Defined by Wennerstrom (2001, as cited in Aufderhaar, 2004) as “a general term encompassing intonation, rhythm, tempo, loudness, and pauses, as these interact with syntax, lexical meaning, and segmental phonology in spoken texts” (p.4), prosody has historically been ignored or relegated to the fringes of research and pedagogy, due in large part, according to Chun (2002), to its inherent complexity and difficulty mastering it. Considered notoriously difficult to acquire and define, Bolinger (1972) labeled the most controversial aspect of prosody, intonation, the “greasy part of language.”
Despite its historical back-seat status, an undercurrent of research regarding prosody has spanned several disciplines. The first documented study of speech melody has been traced back to Steele (Couper-Kuhlen, 1993, as cited in Aufderhaar, 2004), who, in 1775, used musical notation to identify pitch variations that occur in regular forms upon syllables. Unfortunately, his materials, based on five features he identified as accent, quantity, pause, emphasis and force were dependent upon fixed and absolute musical pitches rather than flexible and relative tones, apparently lacking in practical applicability (Pike, 1945).
2.3. Pronunciation research in applied linguistics
Although attaining native-like pronunciation that facilitates mutual intelligibility is considered important for many language learners and teachers alike, there have been few empirical studies of pronunciation in applied linguistics (Derwing & Munro,2005; Levis, 2005). For example, Derwing and Munro (2005, p. 386) state that “it is widely accepted that suprasegmentals are very important to intelligibility, but as yet few studies support this belief.” This claim is supported by other researchers such as Hahn (1994) and Levis (2005) who states that over the past 25 years there has been encouragement to teach suprasegmentals though very little pedagogy has been based on empirical research.
The usefulness of empirical research for developing more effective pronunciation teaching is obvious. As Levis (2005) states, “instruction should focus on those features that are most helpful for understanding and should deemphasize those that are relatively unhelpful” ( pp. 370-371). Munro (2008) echoes this point when stating that “it is important to establish a set of priorities for teaching. If one aspect of pronunciation instruction is more likely to promote intelligibility than some other aspect, it deserves more immediate attention.” (p. 197). Of course, we must first know what the most important elements are to ensure optimal instruction and learning outcomes.

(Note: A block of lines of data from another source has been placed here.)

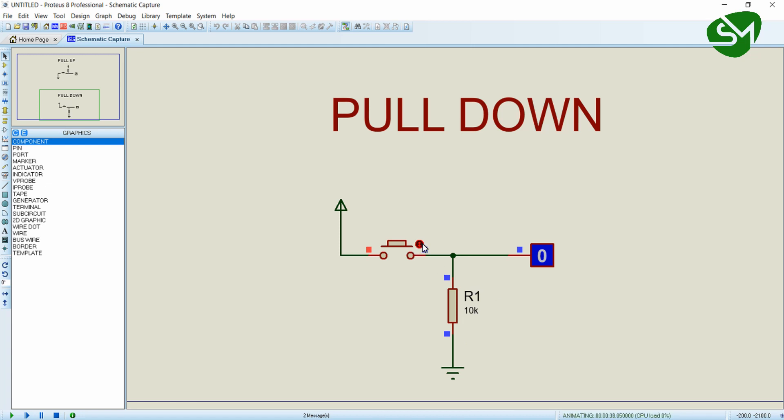You just need to remember that in pull-down logic, when the button is released, the GPIO of the microcontroller is at state zero. And when the button is pressed, the GPIO will be made high.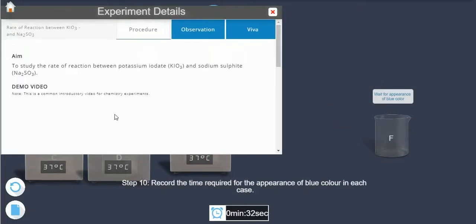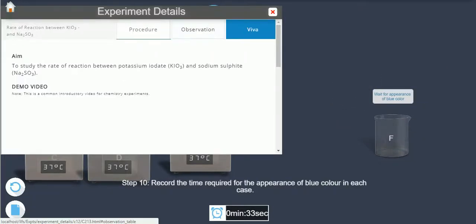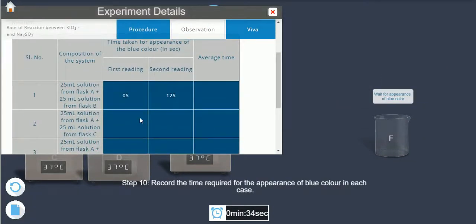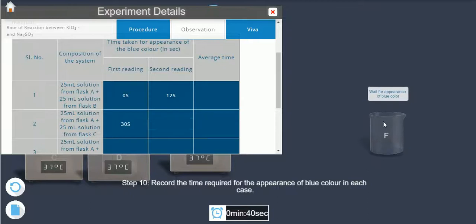Step 10: Note the initial time required for the appearance of blue color in each case.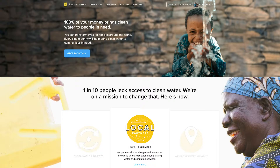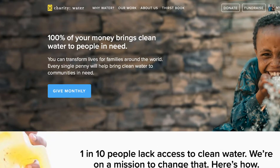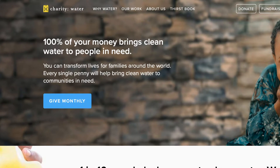One company that does an incredible job of this is Charity Water. They're making clean water accessible to everyone on Earth. 100% of your money brings clean water to people in need. You can transform lives for families around the world. Instead of saying, 'If you give us money, we'll transform lives,' they invite you to make them a part of your story by saying, 'You can transform lives.'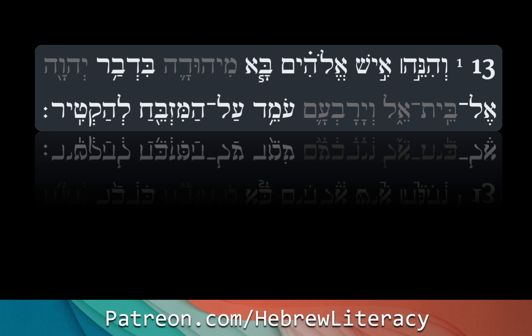Shalom, so glad you guys made it. Today we are continuing with our directed immersion in the original Hebrew of the book of 1 Kings, chapter 13. So let's go ahead and get started on that.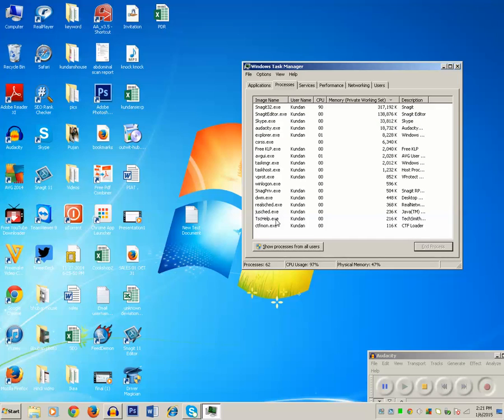This process or this method you can use for any other program which is not responding. It helps you to close the program easily.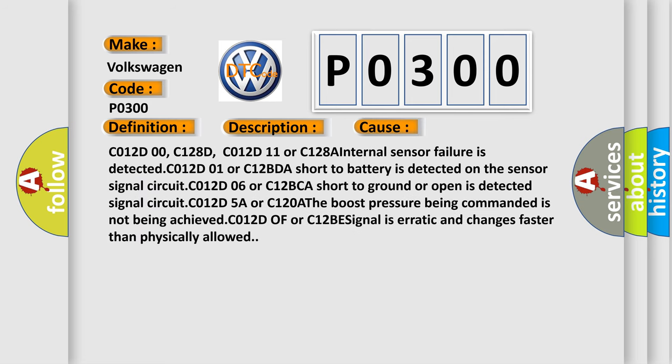C012D00, C128D, C012D11 or C128A: internal sensor failure is detected. C012D01 or C12BDA: short to battery is detected on the sensor signal circuit. C012D5A or C120A: the boost pressure being commanded is not being achieved. C012D0F or C12B: signal is erratic and changes faster than physically allowed.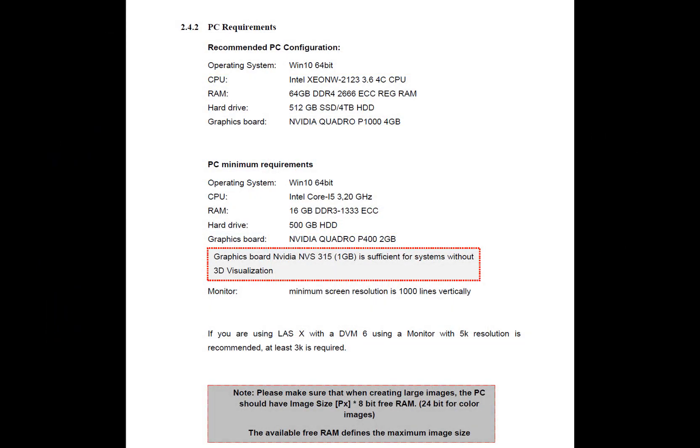Now that we've gone over the process to update to LASX version 5 let's talk about some of the changes that have happened with this version. First I want to talk about an update to the recommended computer specs with a faster processor and more RAM being the major changes.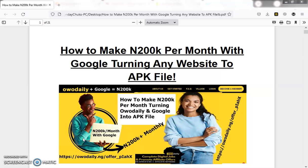Thank you very much for watching my video. Welcome back to video number two — this is the second video in this series. If you have not watched the previous video, kindly click the link below to watch the first video on how to set up your Google account. Please watch it so you'll be able to set up your account without any issue.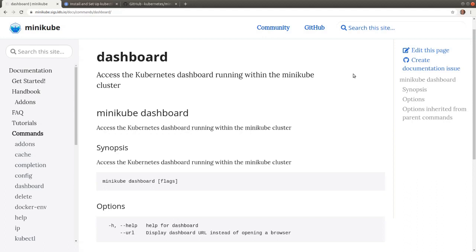In order to take advantage of most features of the dashboard, including resource utilization information such as CPU and memory, we will enable the metrics server add-on as well.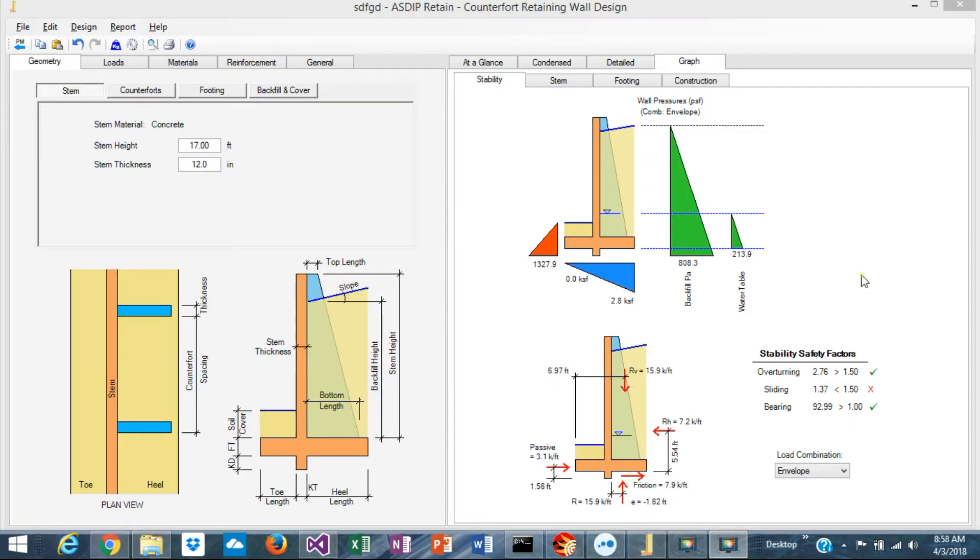This is Javier Encinas and today I'm going to show you how to design a counterfort retaining wall using ASDIP Retain.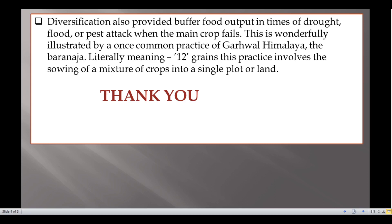Diversification also provided a buffer for food output in times of drought, floods, or pest attack when the main crop fails. This is wonderfully illustrated by the common practice of Garhwal, Himalaya — the Baranaja, literally meaning 12 grains. This practice involves the sowing of a mixture of crops into a single plot of land.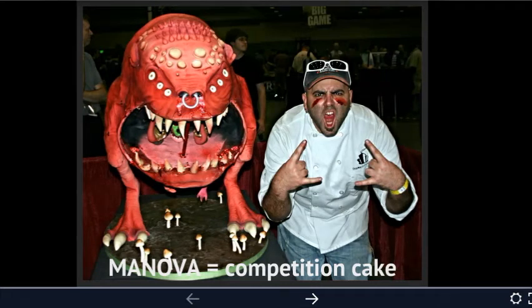Welcome to the third installment on the information about MANOVA. In this one we are going to be talking about the different pieces, parts, and steps involved in MANOVA. So hang on for this part of your cake instructions.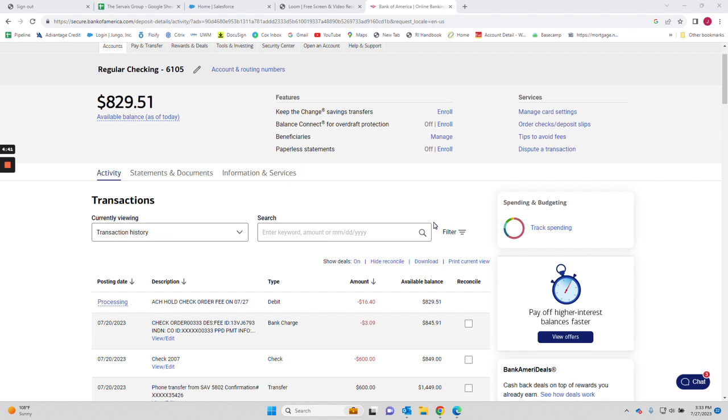So obviously the first thing you're going to do is log into your account, and then when you open up your account you want to look at it as full view.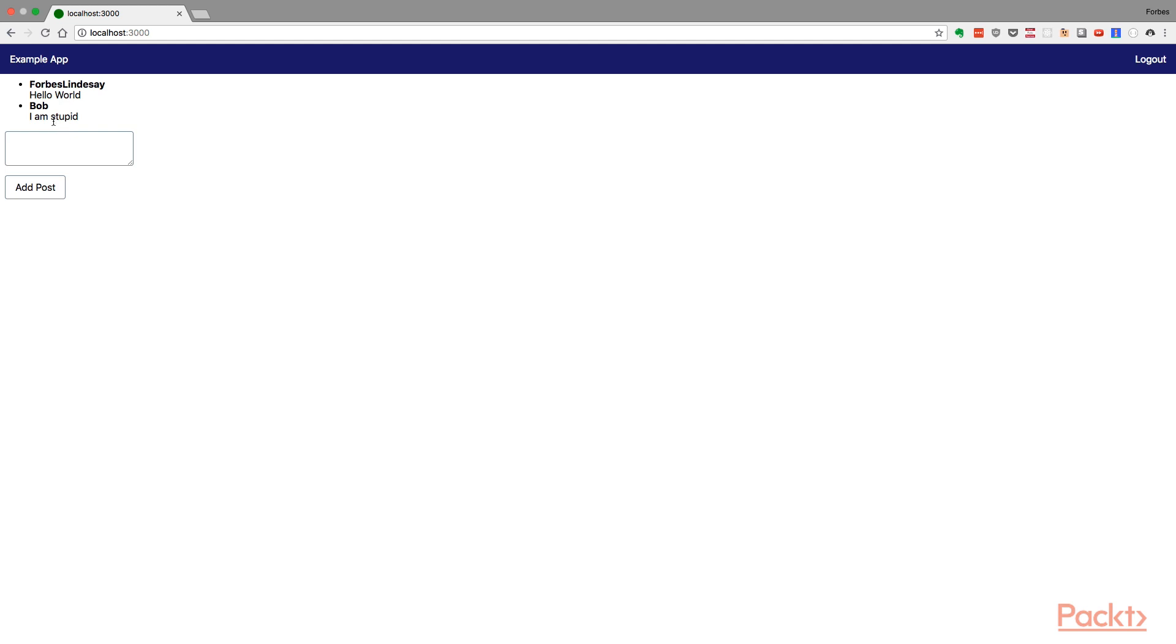As you can see, it looks like that message was posted by Bob, but in fact it was posted by me.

As Munro (2008) argues, “because prosody encompasses a wide range of speech phenomena, further research is needed to pinpoint those aspects of prosody that are most critical” (p.210).
Hahn (2004, p. 201) agrees that there is little empirical support for claims that teaching suprasegmentals is helpful and that “knowing how the various prosodic features actually affect the way native speakers…process nonnative speech would substantially strengthen the rationale for current pronunciation pedagogy.” For that reason, Hahn (2004) reiterates that it is important to identify the phonological features that are most salient for native listeners. Due to the complex relationship between suprasegmentals and intelligibility, Hahn (2004) argues that “it is helpful to isolate particular suprasegmental features for analyses” (p. 201). Hahn’s argument supports the importance of the research in this dissertation in which the acoustic correlates of English lexical stress are isolated and manipulated individually to identify which are the most pertinent to the perception of speech intelligibility and nativeness.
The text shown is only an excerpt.